# TASK DETAILS
Please copy each line of the records below that holds the word "page".

(Source data)

============

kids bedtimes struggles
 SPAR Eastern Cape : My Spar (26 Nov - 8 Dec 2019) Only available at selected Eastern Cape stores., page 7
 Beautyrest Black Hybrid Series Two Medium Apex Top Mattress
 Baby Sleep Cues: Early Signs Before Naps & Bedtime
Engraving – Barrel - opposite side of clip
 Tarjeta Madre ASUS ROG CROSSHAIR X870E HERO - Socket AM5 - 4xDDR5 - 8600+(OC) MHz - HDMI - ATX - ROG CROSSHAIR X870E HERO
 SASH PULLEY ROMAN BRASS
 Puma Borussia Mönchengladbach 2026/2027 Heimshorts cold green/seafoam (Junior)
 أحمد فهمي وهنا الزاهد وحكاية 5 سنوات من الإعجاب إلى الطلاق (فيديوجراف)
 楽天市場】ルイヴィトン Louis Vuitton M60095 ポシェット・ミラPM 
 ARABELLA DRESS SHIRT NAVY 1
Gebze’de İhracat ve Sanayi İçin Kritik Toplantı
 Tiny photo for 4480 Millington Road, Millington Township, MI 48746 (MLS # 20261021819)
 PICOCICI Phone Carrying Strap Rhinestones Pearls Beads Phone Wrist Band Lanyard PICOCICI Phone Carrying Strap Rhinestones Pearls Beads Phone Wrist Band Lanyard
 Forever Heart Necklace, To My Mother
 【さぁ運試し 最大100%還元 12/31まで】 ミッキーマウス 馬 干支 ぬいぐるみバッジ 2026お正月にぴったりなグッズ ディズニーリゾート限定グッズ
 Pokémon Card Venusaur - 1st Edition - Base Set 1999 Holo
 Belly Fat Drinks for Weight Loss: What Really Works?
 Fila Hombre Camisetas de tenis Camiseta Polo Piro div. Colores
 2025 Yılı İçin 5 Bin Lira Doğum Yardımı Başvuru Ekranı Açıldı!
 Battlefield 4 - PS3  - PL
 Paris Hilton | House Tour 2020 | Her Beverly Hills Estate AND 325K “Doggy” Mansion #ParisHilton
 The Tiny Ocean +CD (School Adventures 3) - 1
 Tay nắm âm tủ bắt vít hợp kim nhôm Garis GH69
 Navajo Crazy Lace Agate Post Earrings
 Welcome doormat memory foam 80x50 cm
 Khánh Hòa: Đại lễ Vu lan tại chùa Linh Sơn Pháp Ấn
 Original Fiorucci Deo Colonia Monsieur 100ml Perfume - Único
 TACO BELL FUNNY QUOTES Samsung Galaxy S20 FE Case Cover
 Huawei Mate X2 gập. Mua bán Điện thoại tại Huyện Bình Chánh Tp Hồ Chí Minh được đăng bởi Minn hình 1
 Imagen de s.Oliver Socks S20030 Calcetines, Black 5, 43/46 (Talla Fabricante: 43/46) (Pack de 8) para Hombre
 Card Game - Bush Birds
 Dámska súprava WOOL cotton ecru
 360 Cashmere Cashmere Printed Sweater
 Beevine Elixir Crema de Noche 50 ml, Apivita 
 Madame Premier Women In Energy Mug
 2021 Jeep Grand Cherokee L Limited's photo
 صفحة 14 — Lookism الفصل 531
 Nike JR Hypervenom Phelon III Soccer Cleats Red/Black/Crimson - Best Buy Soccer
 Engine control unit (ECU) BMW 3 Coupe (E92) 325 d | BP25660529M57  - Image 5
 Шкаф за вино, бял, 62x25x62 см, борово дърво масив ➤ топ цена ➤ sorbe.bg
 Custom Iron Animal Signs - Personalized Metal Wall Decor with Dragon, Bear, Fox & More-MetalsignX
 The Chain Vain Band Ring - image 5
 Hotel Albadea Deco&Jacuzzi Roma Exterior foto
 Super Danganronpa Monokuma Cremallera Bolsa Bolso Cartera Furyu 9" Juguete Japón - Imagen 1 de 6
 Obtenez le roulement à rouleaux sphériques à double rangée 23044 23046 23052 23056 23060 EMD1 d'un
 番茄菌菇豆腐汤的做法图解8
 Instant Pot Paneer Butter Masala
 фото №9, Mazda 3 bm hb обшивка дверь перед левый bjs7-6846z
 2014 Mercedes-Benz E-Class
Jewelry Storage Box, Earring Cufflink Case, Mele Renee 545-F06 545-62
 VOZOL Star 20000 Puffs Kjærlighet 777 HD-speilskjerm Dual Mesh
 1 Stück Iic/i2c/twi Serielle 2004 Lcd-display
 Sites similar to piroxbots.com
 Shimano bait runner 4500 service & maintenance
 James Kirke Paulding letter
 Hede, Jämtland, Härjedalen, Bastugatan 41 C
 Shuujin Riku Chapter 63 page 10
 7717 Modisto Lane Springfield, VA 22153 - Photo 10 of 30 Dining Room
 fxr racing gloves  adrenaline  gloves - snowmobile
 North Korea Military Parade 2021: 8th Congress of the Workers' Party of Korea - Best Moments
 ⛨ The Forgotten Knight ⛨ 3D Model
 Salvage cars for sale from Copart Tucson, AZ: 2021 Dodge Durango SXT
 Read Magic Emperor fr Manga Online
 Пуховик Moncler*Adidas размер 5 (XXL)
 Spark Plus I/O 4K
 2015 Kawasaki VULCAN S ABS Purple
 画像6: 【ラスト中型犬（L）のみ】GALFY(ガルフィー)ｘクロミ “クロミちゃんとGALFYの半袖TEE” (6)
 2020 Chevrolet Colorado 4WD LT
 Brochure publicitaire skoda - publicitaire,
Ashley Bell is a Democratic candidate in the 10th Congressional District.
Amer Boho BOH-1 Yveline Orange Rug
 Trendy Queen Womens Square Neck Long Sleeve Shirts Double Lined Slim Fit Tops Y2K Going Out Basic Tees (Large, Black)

============

# REPLY TO THE EXERCISE
 SPAR Eastern Cape : My Spar (26 Nov - 8 Dec 2019) Only available at selected Eastern Cape stores., page 7
 Shuujin Riku Chapter 63 page 10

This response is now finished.